Available data ->
'''

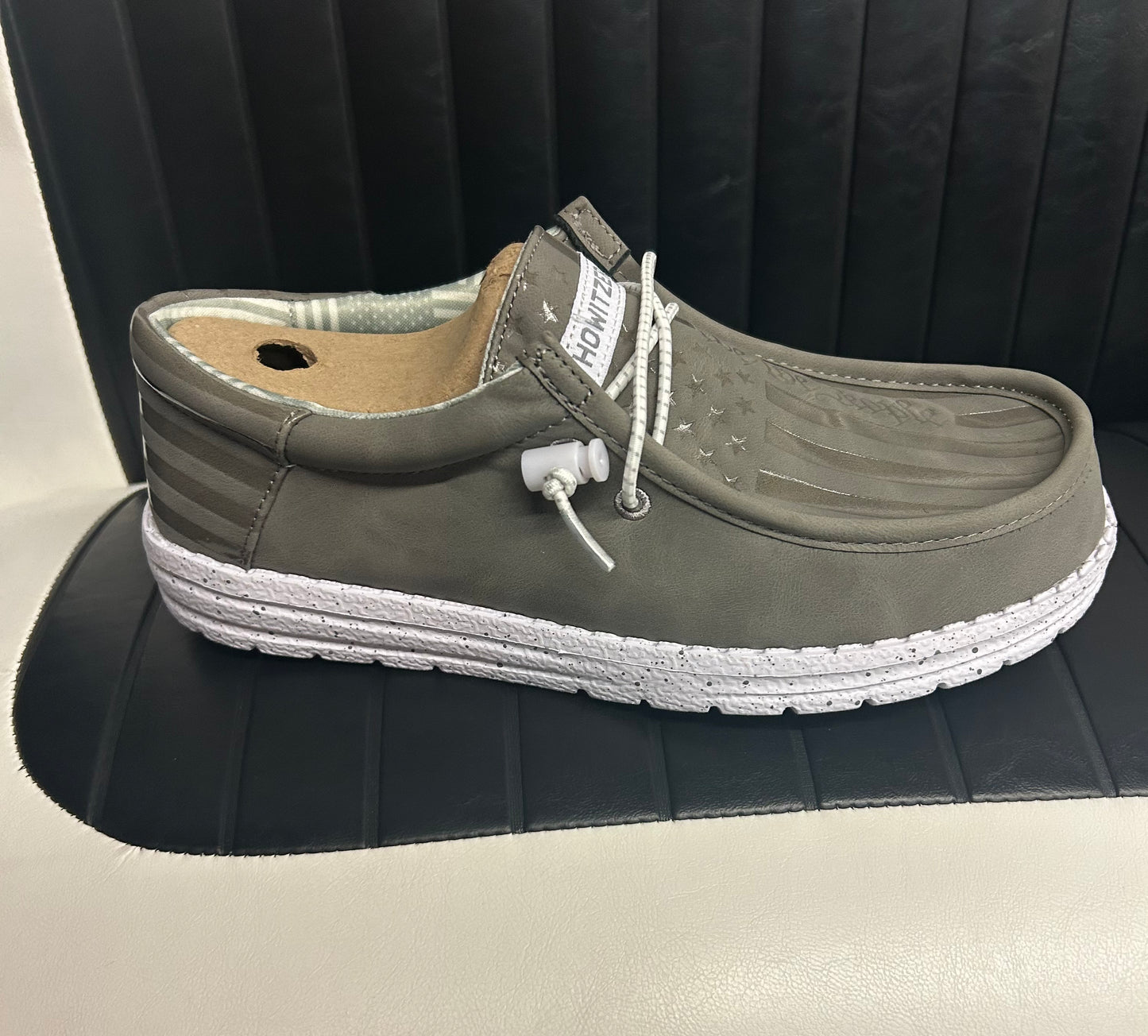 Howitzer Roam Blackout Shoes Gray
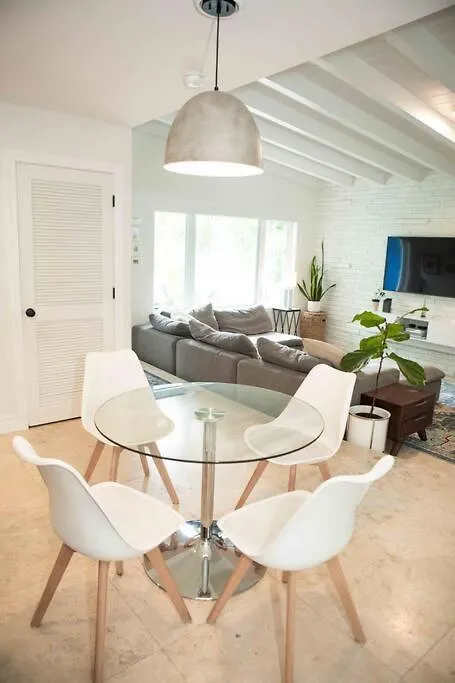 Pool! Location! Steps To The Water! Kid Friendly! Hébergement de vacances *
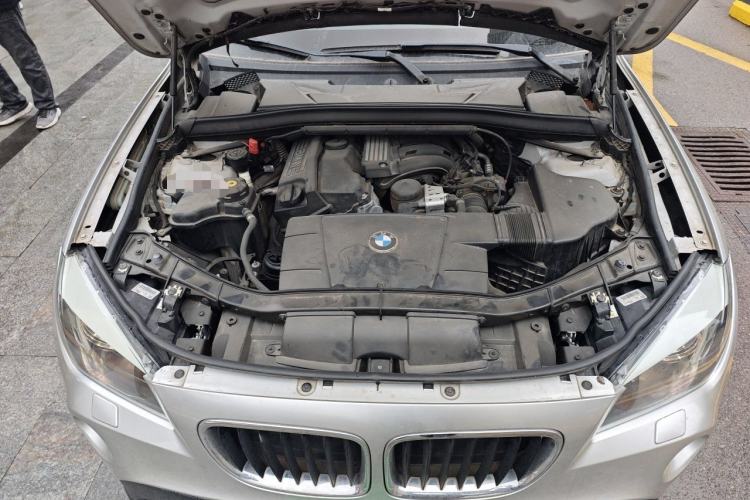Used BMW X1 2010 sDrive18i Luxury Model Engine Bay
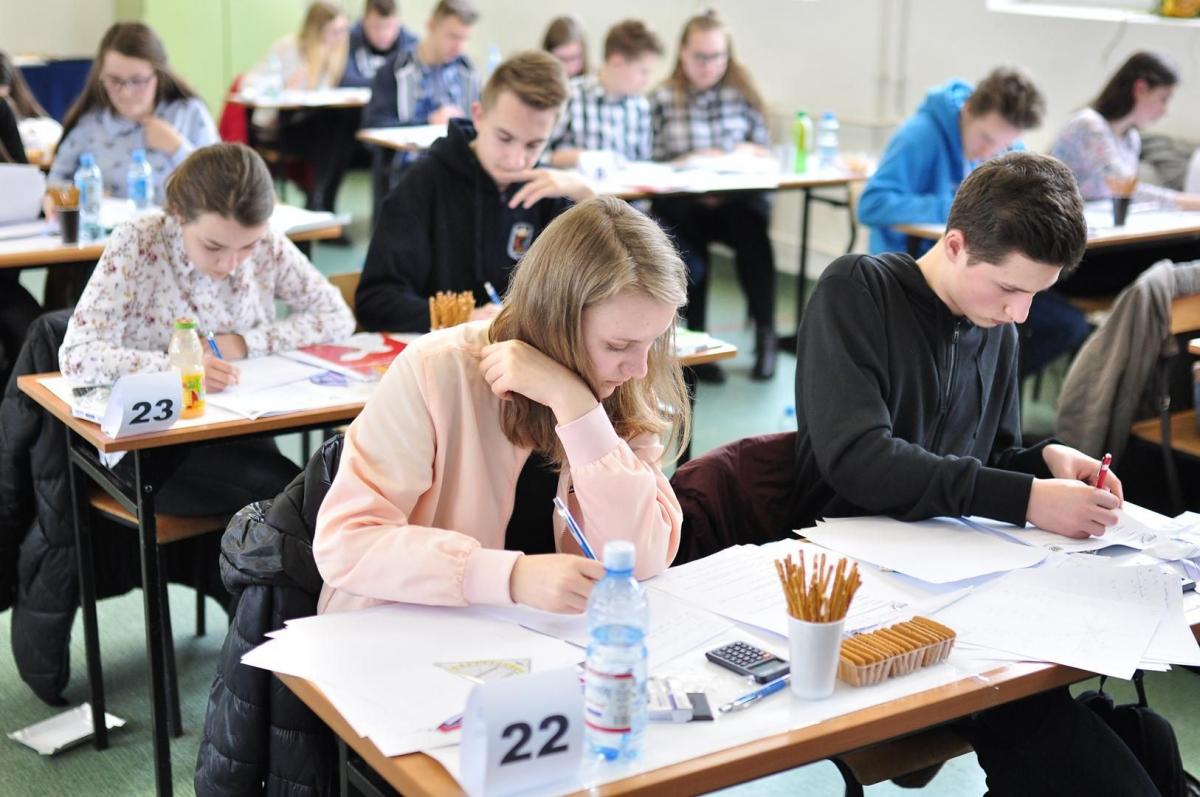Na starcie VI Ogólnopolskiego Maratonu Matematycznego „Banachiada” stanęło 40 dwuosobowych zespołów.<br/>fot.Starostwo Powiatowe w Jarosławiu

'''

What is being asked ->
Starting at the line above that contains "Pool! Location! Steps", transcribe every line exactly through the line that contains "Used BMW X1", including that last one, and skip the pictures.

Exercise answer ->
 Pool! Location! Steps To The Water! Kid Friendly! Hébergement de vacances *
Used BMW X1 2010 sDrive18i Luxury Model Engine Bay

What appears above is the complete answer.